Among the performers were Emily and Rudy Cooper, of Grand Rapids, who had risen at 5 a.m. to join a busload of other volunteers from across the state, headed for what organizers hope will be viral social media fame.
Emily, 88, and Rudy, 92, kept up the moves at Tiede’s urging, sometimes bumping hips or linking hands with other dancers, including young students invited to demonstrate proper technique.
“We’re pretty game,” said Emily, adding that they do circuit training, weekly tai chi, swimming and Wii bowling, among other athletic activities, at their senior housing in Grand Rapids. “Move it or lose it, as they say.”
Across the green, Stephanie Carr, 51, swirled in an elaborate blue-and-gold gown, showing off the belly-dancing techniques she teaches to older adults in a Detroit community center.
The self-employed graphic artist said her students “aren’t the grannies of yesterday—there is nothing holding them back.
“And I don’t feel I should stop doing anything I was doing prior to age 50,” she added.
AARP has been promoting the disrupt aging concept via a book of the same name by CEO Jo Ann Jenkins and other efforts to push back against ageism and help older Americans reject over-the-hill labels that limit potential.

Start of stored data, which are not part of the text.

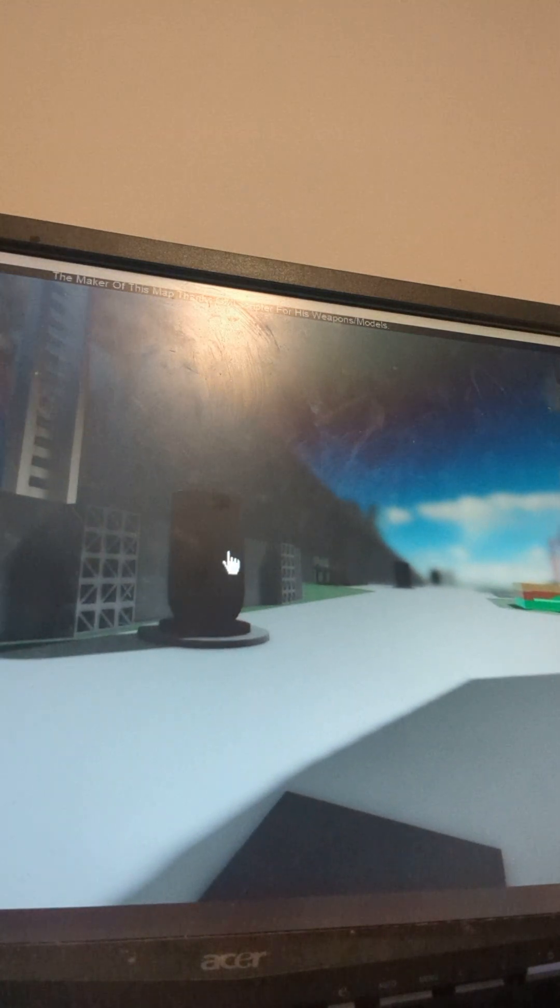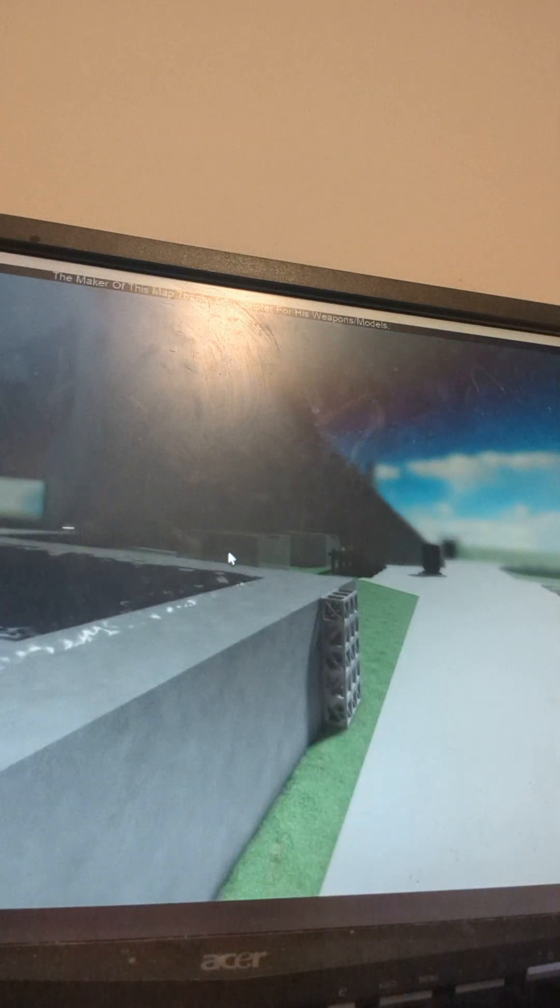So yeah, that is the end of the video, but just real quick, look at this amazing cannon. There we go, that is the end of the video guys, peace.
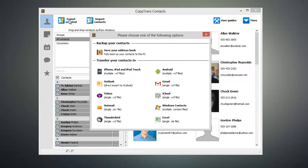Now from this window, we can select the format that our contacts are exported in. And since we're going to be viewing these inside of Windows Contacts, go ahead and click on the Windows Contacts button.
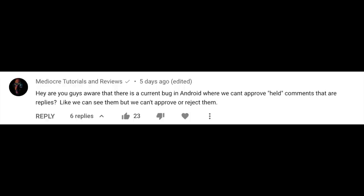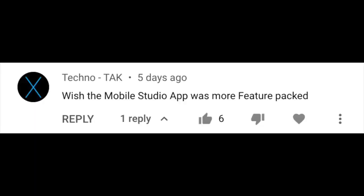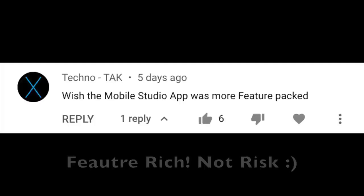That's just about it, but let's get to some of your questions from the comments. Last week, Mediocre Tutorials and Reviews commented on the bug in Android where creators can't approve held comments that are replies — our team is aware of the bug and a fix should be coming soon. Also, TechnoTAK said they wish the Studio mobile app was more feature-packed, and the team responded: Studio mobile is one of our key focuses in 2021, and we'd like it to be just as feature-rich as desktop — so stay tuned.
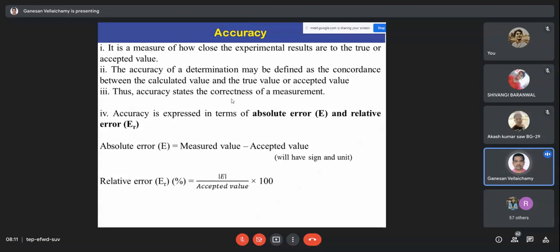Accepted value and true value are used synonymously. Experimental results may also be called measured value, calculated value, or experimental value — all used synonymously. However, there is a difference between accepted value and true value. Accuracy is the concordance between the accepted value and your calculated value, and accuracy expresses the correctness of your measurement.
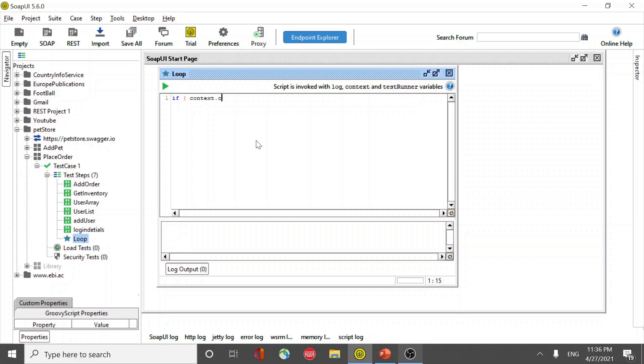Assign a counter variable to it. So I'm using variable name as counter and I'm going to check if it is going to be null. If it is null I put context.counter equals to zero.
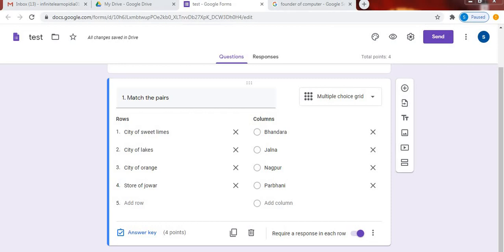My last video was about how to create match the columns in Google Forms. If you want to learn about match the columns, I have given a link in the description box. Click on the link to know about match the pairs. Let's begin with fill in the blanks. I will show you two ways through which you can create fill in the blanks.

Ernestine Shepherd is all about upending those stereotypes. Clad in bright red spandex tights and a crop top, she posed front and center at the video shoot to display the fat-free physique and taut muscles of a competitive bodybuilder—at age 81.
The retired school secretary didn’t start working out until she was 56. These days, she awakens at 2:30 a.m.for a daily run and trains others four days a week.
“You’ve got to keep moving despite those aches and pains,” she advised.
After a quick boxed lunch, the budding flash mob did a final rehearsal—drawing applause from bystanders—and then producer/director John Garner commanded “Places, everyone!” for the first full run-through.
“Let’s give it our A game here,” Tiedes urged, to whoops and excited chatter. As parasailers skimmed above the lake and helicopters hovered overhead, the dancers waved, jumped and fist-pumped through several takes.
By midafternoon, the last chorus of the soundtrack faded away and participants streamed toward their cars and buses, warm and weary but satisfied.
“The point was to have fun and be innovative,” said Munoz. “And we pulled it off!”